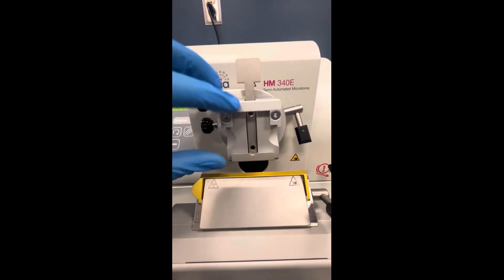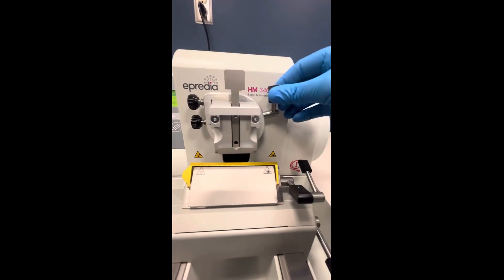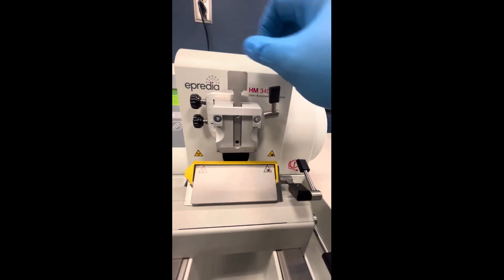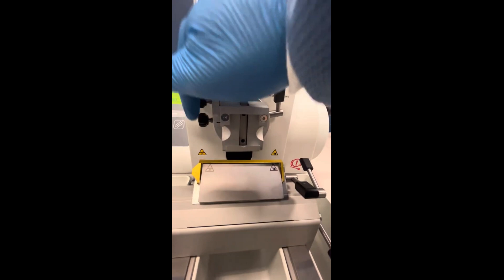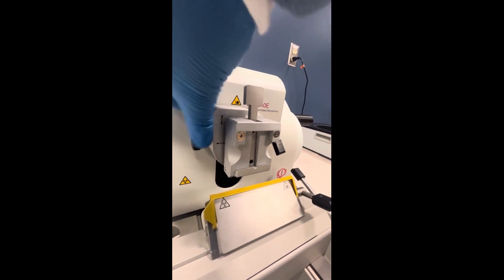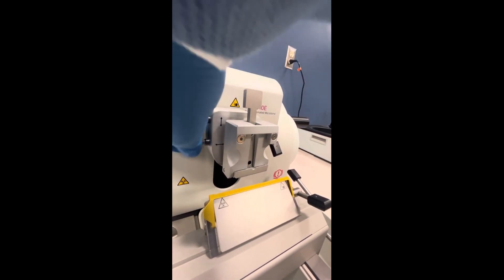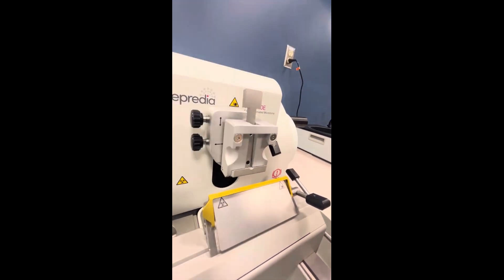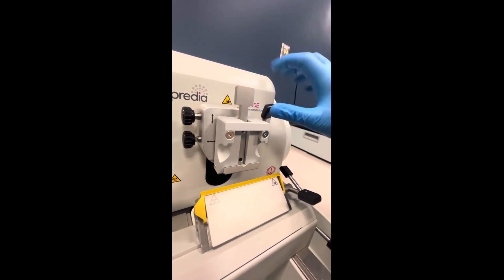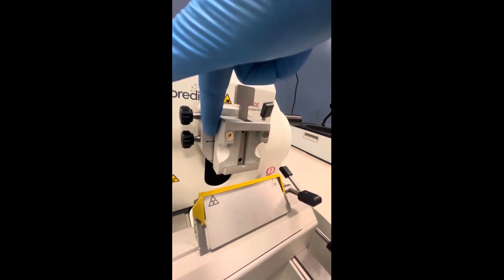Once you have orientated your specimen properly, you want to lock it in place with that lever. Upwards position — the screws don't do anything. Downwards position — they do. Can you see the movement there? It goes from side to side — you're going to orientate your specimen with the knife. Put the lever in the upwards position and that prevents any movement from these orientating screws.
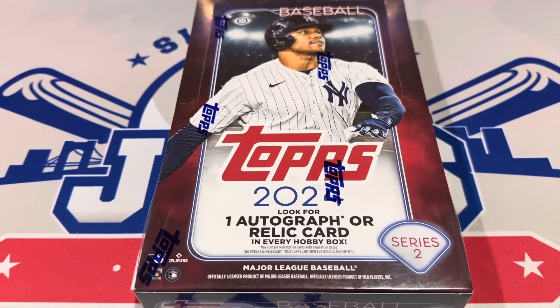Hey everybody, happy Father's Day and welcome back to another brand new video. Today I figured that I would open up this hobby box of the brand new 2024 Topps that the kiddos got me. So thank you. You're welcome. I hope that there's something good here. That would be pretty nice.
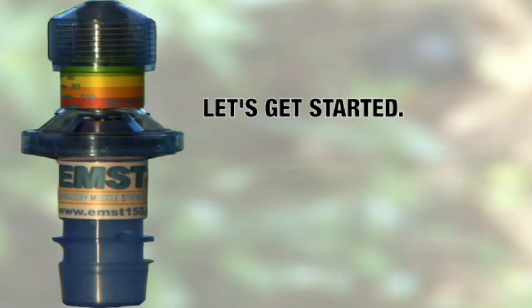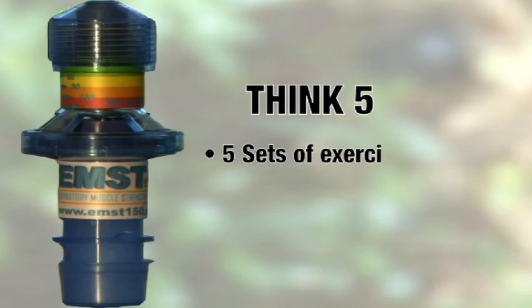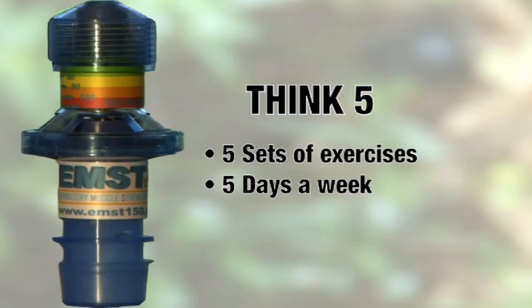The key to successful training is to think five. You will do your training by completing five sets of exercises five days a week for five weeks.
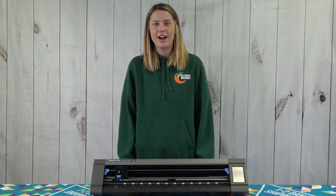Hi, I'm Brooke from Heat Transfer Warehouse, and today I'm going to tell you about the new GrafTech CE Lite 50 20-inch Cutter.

## PROMPT
Output the listing exactly, pictures excluded.

## FINISHED EXERCISE
Once you have orientated your specimen properly, you want to lock it in place with that lever. Upwards position — the screws don't do anything. Downwards position — they do. Can you see the movement there? It goes from side to side — you're going to orientate your specimen with the knife. Put the lever in the upwards position and that prevents any movement from these orientating screws.
Hey everybody, happy Father's Day and welcome back to another brand new video. Today I figured that I would open up this hobby box of the brand new 2024 Topps that the kiddos got me. So thank you. You're welcome. I hope that there's something good here. That would be pretty nice.
The key to successful training is to think five. You will do your training by completing five sets of exercises five days a week for five weeks.
Hi, I'm Brooke from Heat Transfer Warehouse, and today I'm going to tell you about the new GrafTech CE Lite 50 20-inch Cutter.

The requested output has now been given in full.